If you push a migration that changes the output of a query, isn't that likely to break your application anyway?
This is a system where the main app who manages migrations is written in Go, and there's a Rust service reading only a handful of fields from a particular table. We ensure the main Go application never breaks these fields for the Rust service. Restarting the Rust service for every Go deployment is not an option, it's an IoT broker handling long-lived connections, its whole purpose is to keep these connections alive across application deployments.
I can imagine cases where this is an issue even with a single Rust service: if you want to do zero-downtime deployments you keep the old instances around while the new instances are starting up and doing the migrations (making sure migrations are "backwards compatible" of course). This bug will break the old instances, preventing the deployments to be zero-downtime.
We're running into this issue and are doing exactly what the previous comment is suggesting: we do zero-downtime deployments by keeping old instances around while new instances are starting up. We in fact pulled the migrations out of our main service instances and run them from a separate binary to gain more control over when they happen.
It would be great if sqlx could address this internally. I'm also still wondering about the scope of when this happens. For example, we're currently seeing this on adding a new column that would be currently unused by any query. Specifically, I wonder if we could work around this issue by avoiding SELECT * (and RETURNING *) clauses.
If someone wants to give me some guidance on where this change could fit in and what the best way is to specifically distinguish this error, I would probably be able to contribute changes in this direction.

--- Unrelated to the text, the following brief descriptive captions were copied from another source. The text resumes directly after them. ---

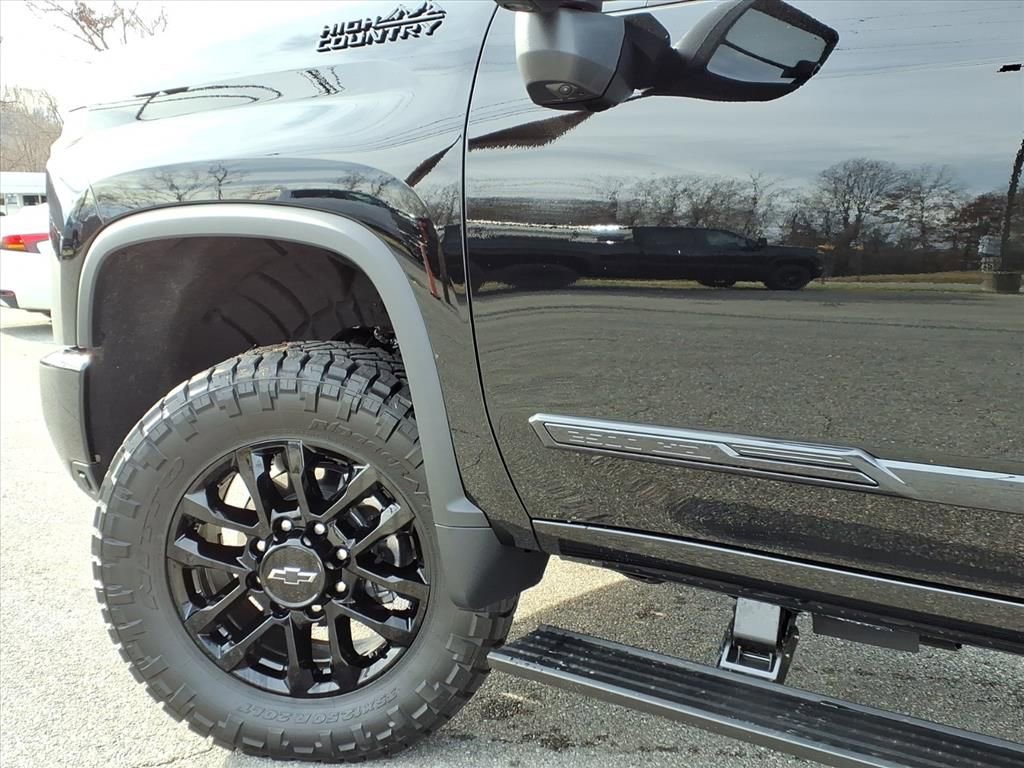 New 2026 Chevrolet Silverado 2500 High Country w/ High Country Premium Package image 6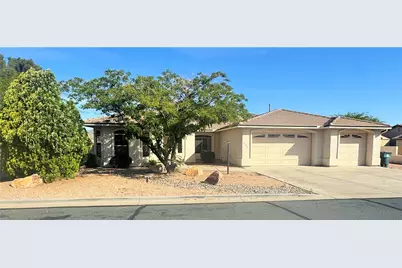 2281 Mesa Drive, Kingman, AZ 86401 - Photo 1
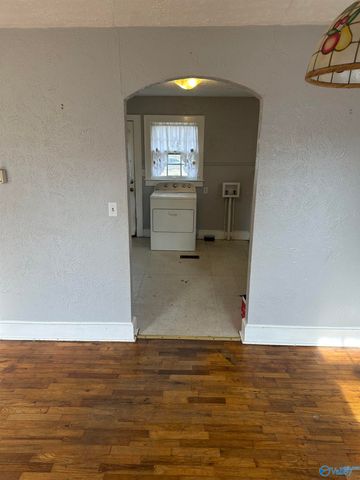 405 Burch Street, Hartselle, AL 35640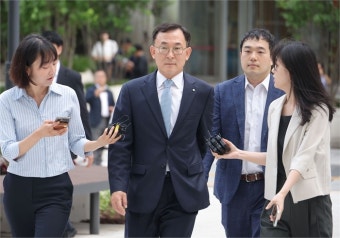 신한은행·경남스틸, 김건희 특검 출석..IMS모빌리티 투자 경위 추궁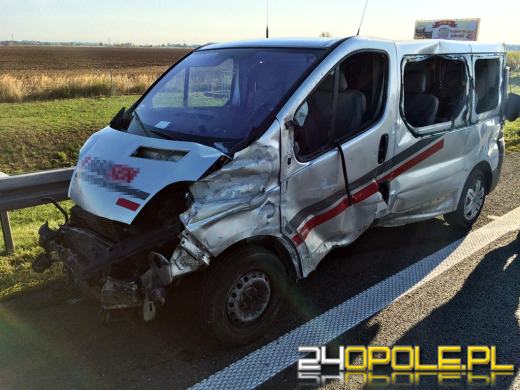 Wypadek na autostradzie, trzy osoby w szpitalu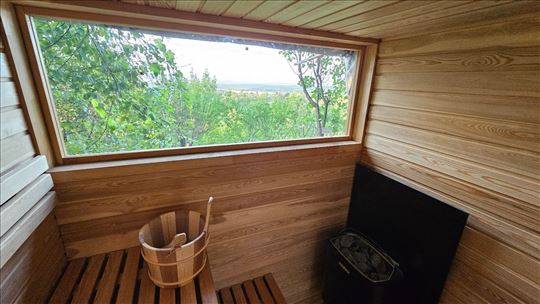 Fruška Gora, brvnara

Specifically, I wonder if we could work around this issue by avoiding SELECT * (and RETURNING *) clauses.
That's correct. You should only be seeing that error if you've made changes that affect the query plan of existing queries.
Looking back at this issue, there isn't any reason why we shouldn't capture that error and re-prepare the query. Similar to what's described here: https://github.com/launchbadge/sqlx/issues/1250#issuecomment-878249285
Hey, I would also be really interested in a solution here. We change our tables dynamically quiet often (It's a low-code platform) and with that, we now getting this error more and more...
This issue seems to have been open for a while and is increasingly affecting a number of users, including @Roba1993 and myself. Given the significant impact it has on production environments, especially for those of us with frequent change on database schemas, it would be beneficial to prioritize a solution. Right now we have to set .statement_cache_capacity(0), which is ... suboptimal.
@mehcode Is there a chance to get this error/request into your backlog within launchbadge?